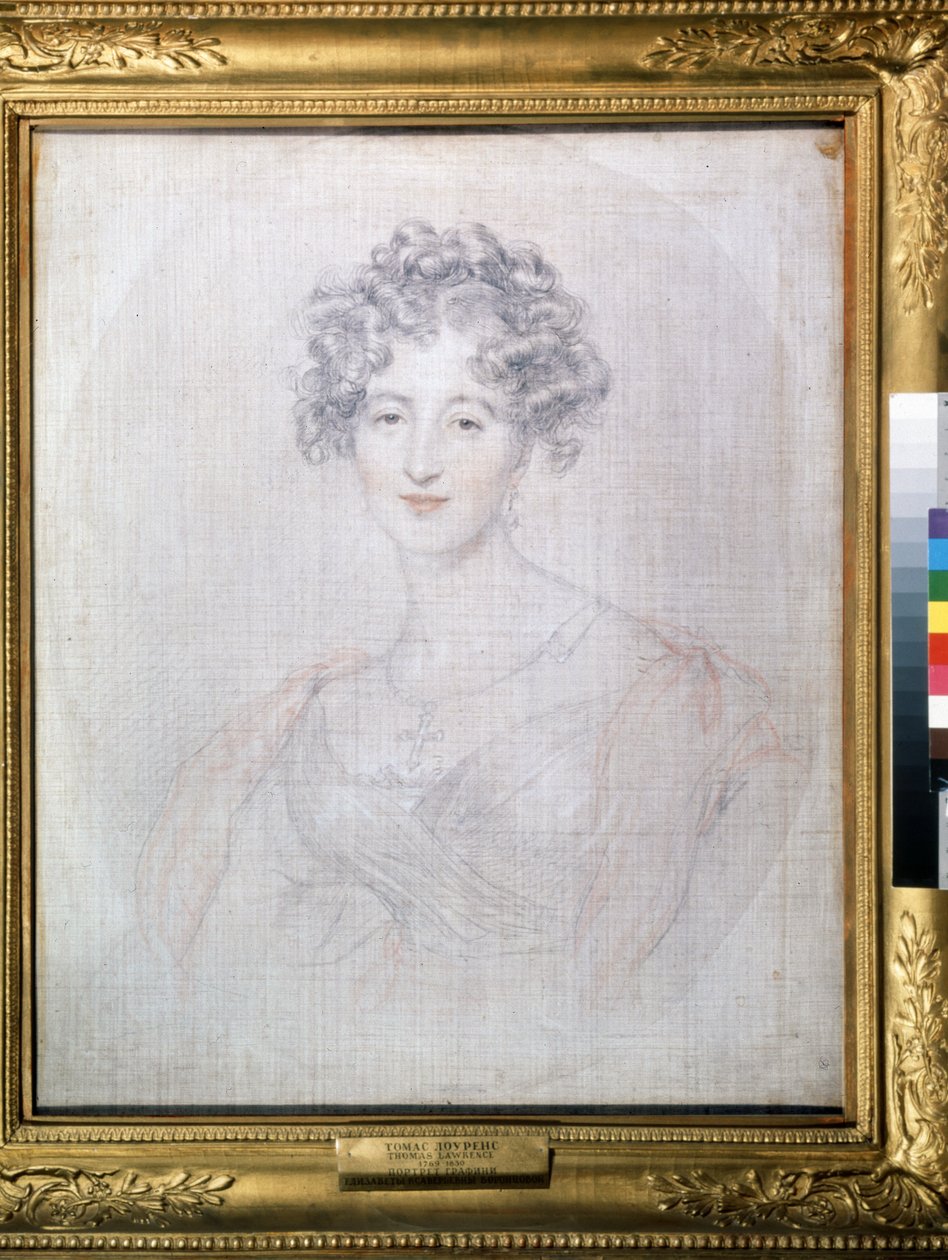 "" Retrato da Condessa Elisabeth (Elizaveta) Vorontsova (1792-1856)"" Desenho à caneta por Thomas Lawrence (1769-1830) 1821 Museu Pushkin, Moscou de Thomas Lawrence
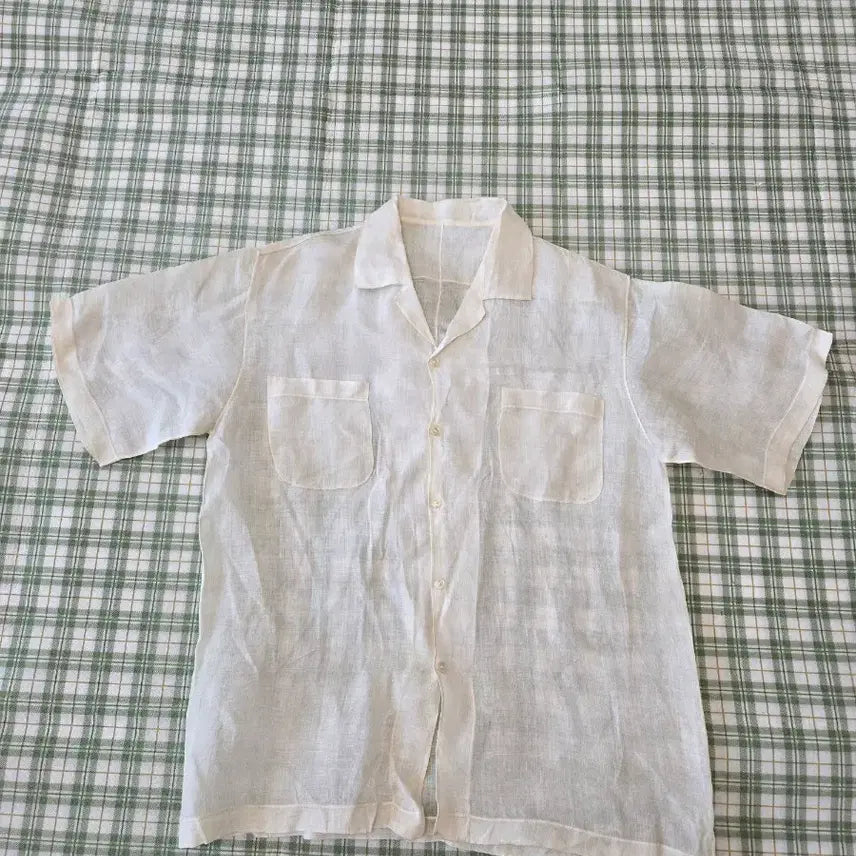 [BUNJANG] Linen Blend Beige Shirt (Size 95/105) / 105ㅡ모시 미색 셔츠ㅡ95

____________________

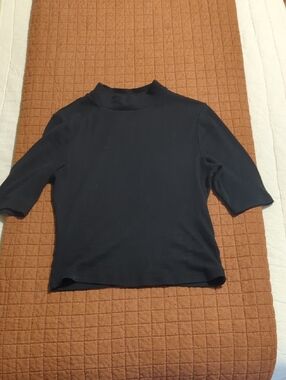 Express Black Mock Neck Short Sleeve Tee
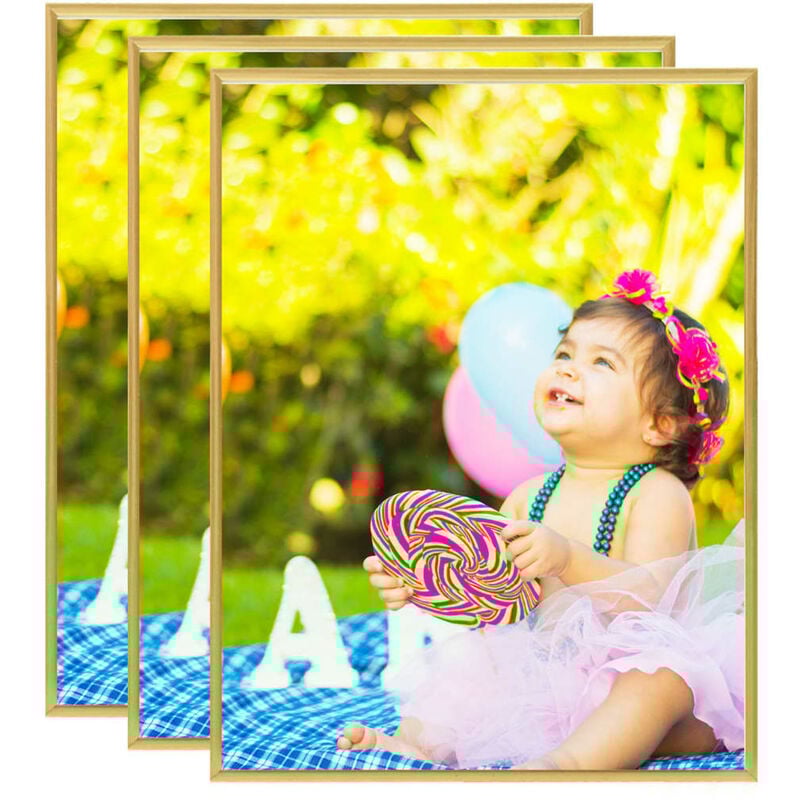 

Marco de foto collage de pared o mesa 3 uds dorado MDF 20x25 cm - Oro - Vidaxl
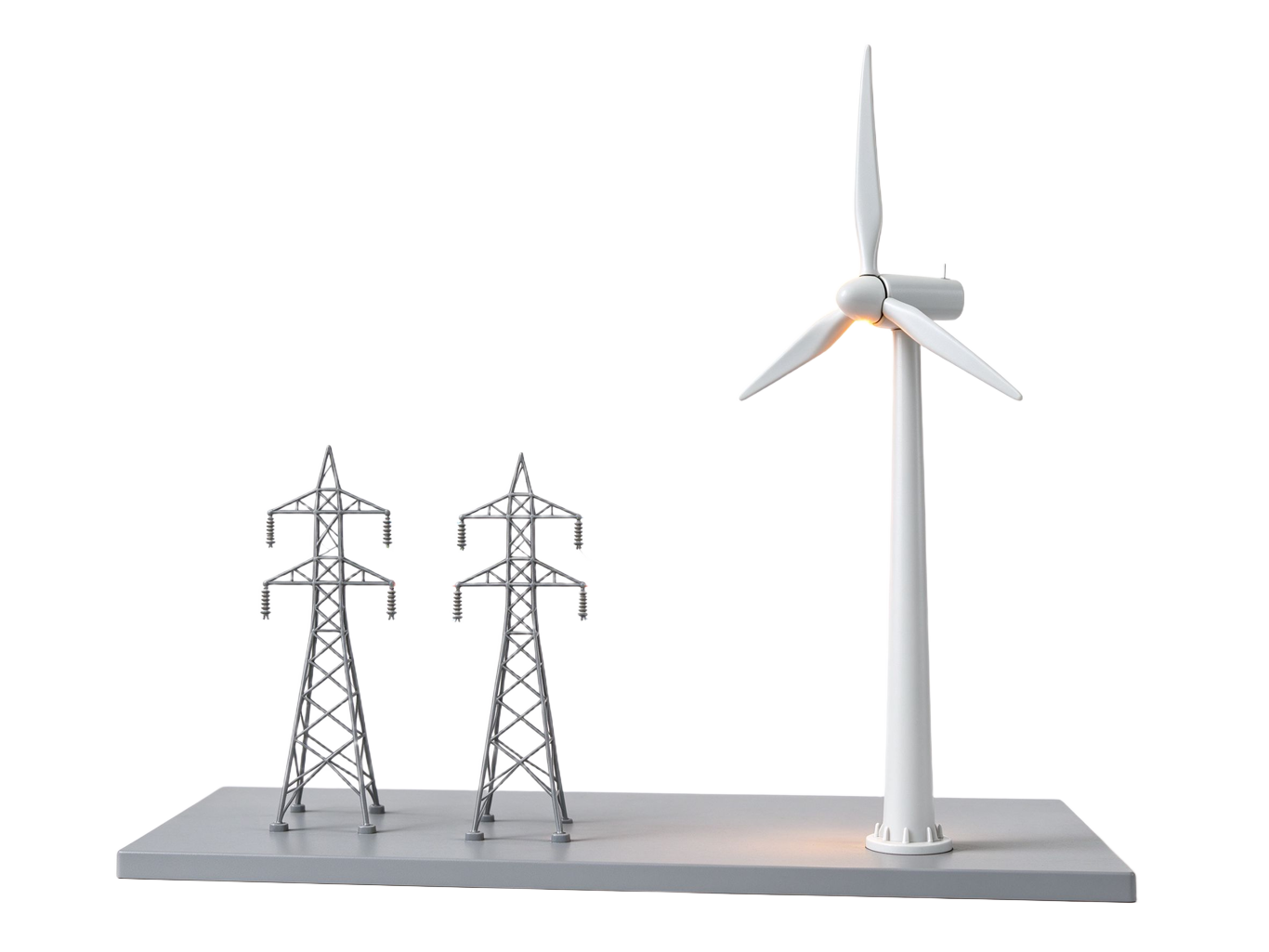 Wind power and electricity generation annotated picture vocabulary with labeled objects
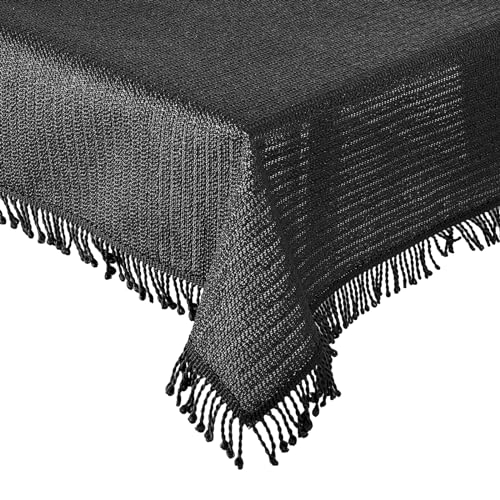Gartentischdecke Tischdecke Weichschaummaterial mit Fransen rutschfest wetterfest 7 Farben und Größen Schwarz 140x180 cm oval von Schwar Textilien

____________________

In the data above, the stretch from the line with "Marco de foto" through the line with "Gartentischdecke Tischdecke Weichschaummaterial" is to be returned exactly, minus any pictures.

• _Reply_
Marco de foto collage de pared o mesa 3 uds dorado MDF 20x25 cm - Oro - Vidaxl
 Wind power and electricity generation annotated picture vocabulary with labeled objects
Gartentischdecke Tischdecke Weichschaummaterial mit Fransen rutschfest wetterfest 7 Farben und Größen Schwarz 140x180 cm oval von Schwar Textilien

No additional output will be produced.